George Pell nemesis Angelo Becciu quits over Vatican money scandals
Angelo Becciu, the Italian cardinal whose office was embroiled in multiple financial scandals has resigned suddenly.
Angelo Becciu, the Italian cardinal whose office was embroiled in multiple financial scandals, has resigned suddenly and renounced his rights as a cardinal.
The extraordinary move was announced without any explanation in a terse Vatican statement on Thursday night.
Cardinal Becciu, 72, was in charge of the Congregation for Saints and should have been entitled to vote in papal conclaves until the age of 80. But until June 2018, as the second highest official in the Secretariat of State, he was the arch opponent of the efforts by Australian cardinal George Pell to reform the Vatican’s corrupt, sclerotic and opaque finances.
Vatican police raided the offices of the powerful Secretariat last October. They were investigating a dubious investment of several hundred thousand euros by the Vatican in real estate in London’s upmarket Chelsea. The deal reportedly cost the Vatican millions of euros in payments to middlemen.
The Vatican prosecutor’s investigation was reportedly prompted by an objection from the Vatican Bank to the Secretariat’s request for a loan to fund the purchase. In June, Vatican prosecutors charged an Italian businessman with counts of extortion, embezzlement, fraud and money laundering, carrying a potential jail sentence of up to 12 years in connection with the deal.
Cardinal Becciu, who appears likely to retain his title, has not been accused directly of wrongdoing in the matter.
On hearing of the resignation on Friday morning, Australian time, Cardinal Pell told The Weekend Australian: “The Holy Father was elected to clean up Vatican finances. He plays a long game and is to be congratulated on recent developments. I hope the clean-ups of the Augean stables continue, both in the Vatican and in Victoria’.’
In 2016 and 2017, the then-archbishop Becciu led the “old guard’s’’ opposition to the financial clean-up, thwarting the reform process at every turn. In 2016, The Australian reported that he announced the suspension of an audit of Vatican finances by PricewaterhouseCoopers. He had also instructed staff they did not have to provide documentation to the auditors. The church then appointed Libero Milone, a former chairman and chief executive of Deloitte in Italy, as Vatican auditor. But in September 2017, archbishop Becciu was involved in a public slanging match with Mr Milone, who had been sacked a few months earlier.

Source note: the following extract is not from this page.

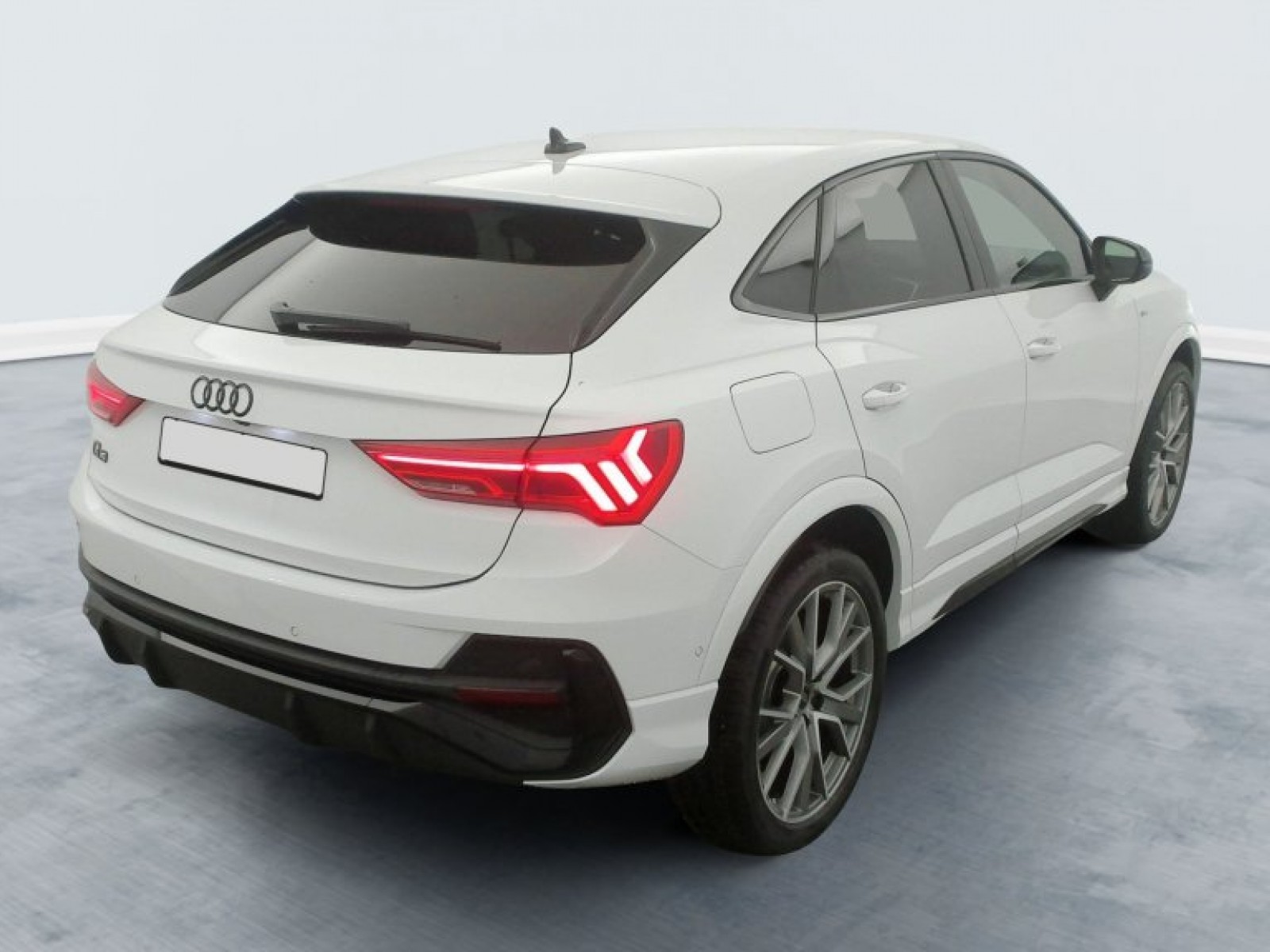 AUDI - Q3 Sportback - #725949 - 5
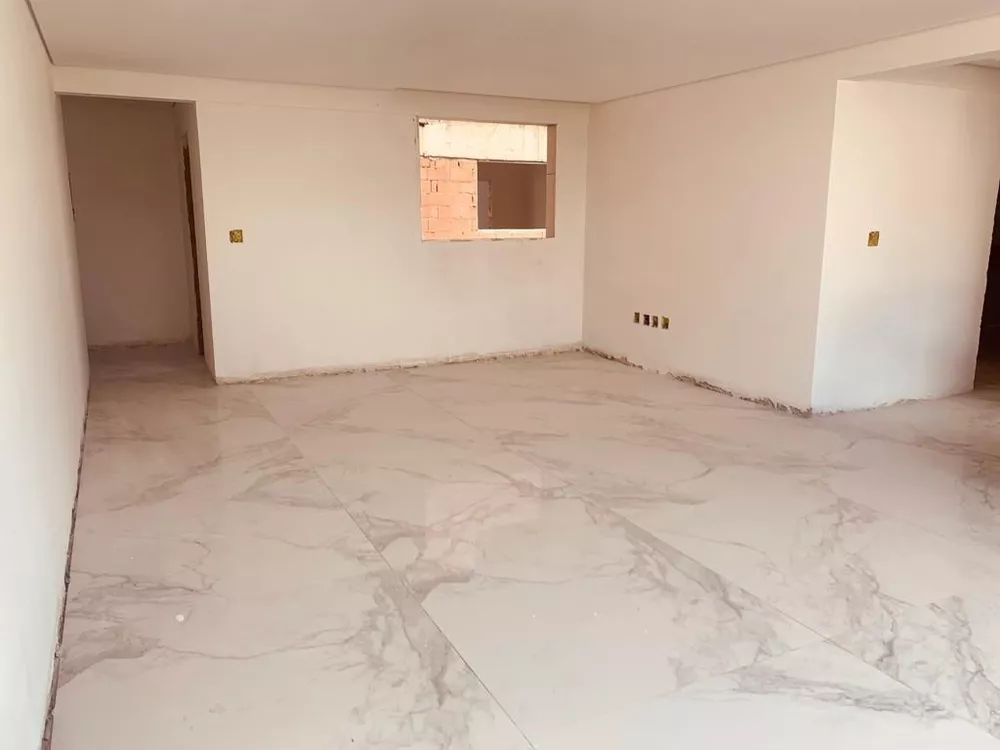 Apartamento à venda com 3 quartos, 135m² - Foto 3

At a press conference at his lawyer’s office in Rome, Mr Milone said he was forced to step down as a result of trumped-up accusations of spying after he discovered evidence of possible illegal activity. He also said the “old guard” in the Vatican wanted to slow down the Pope’s reform efforts. Archbishop Becciu hit back, stating Mr Milone “was spying on the private lives of his superiors and staff, including me” and “if he had not agreed to resign, we would have prosecuted him”. Mr Milone, had no need to spy. Investigating finances and officials was his job.
Last November, Cardinal Becciu lashed out on Twitter at articles by members of the Vatican press corps about the London property speculation “claiming my involvement in financial impropriety ‘discovered’ by Cardinal Pell. I am shocked by such a way of convincing readers!’’
As The Australian reported, Cardinal Becciu also defended the diversion of “Peter’s Pence’’ donations by Catholics around the world for the Pope to use for charity into property investment. The manner of Cardinal Becciu’s public disgrace is extremely rare. In 2018, Theodore McCarrick, a former archbishop of Washington and a prime mover in the Vatican’s controversial deal with the Chinese Communist Party, resigned from the College of Cardinals after a church investigation found claims he had sexually abused a minor in the 1970s were credible. The next year, after a Vatican trial found him guilty of sexual abuse and misconduct, he was defrocked from the priesthood.
In 2015, the late Scottish cardinal Keith O’Brien renounced the rights and privileges of cardinal — including the right to vote in conclaves — but retained his title after an investigation into allegations that he had sexually harassed adult seminarians in the 1980s.